### Problem to work on
Using the data that follows, give again word for word the lines between the one holding "Reusch Attrakt Sidabrinis" and the one holding "モデルアート社 モデルアート社 MA_A88ー002 エリア88 基地 レジンキット", inclusive. Omit the pictures.

### Input
____
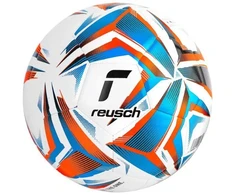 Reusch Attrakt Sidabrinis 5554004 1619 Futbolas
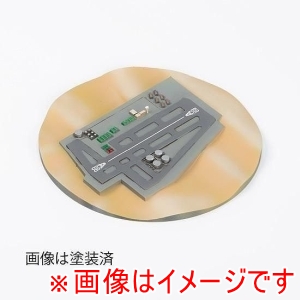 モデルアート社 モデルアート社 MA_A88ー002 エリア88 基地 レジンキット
____
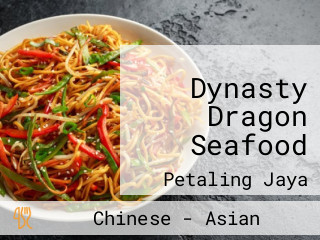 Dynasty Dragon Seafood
____
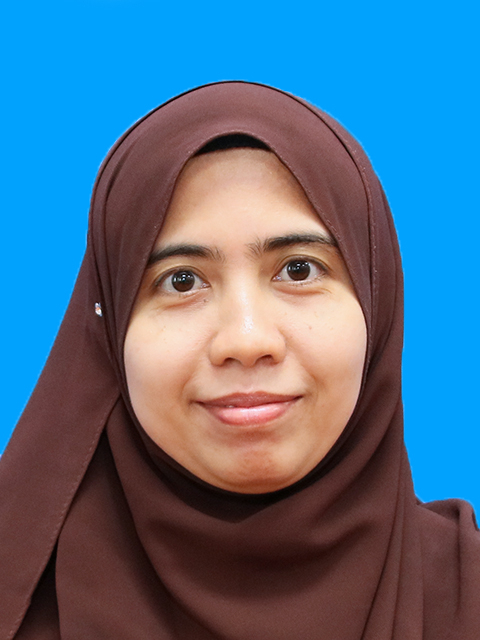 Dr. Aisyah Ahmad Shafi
____
### Result of the task
 Reusch Attrakt Sidabrinis 5554004 1619 Futbolas
 モデルアート社 モデルアート社 MA_A88ー002 エリア88 基地 レジンキット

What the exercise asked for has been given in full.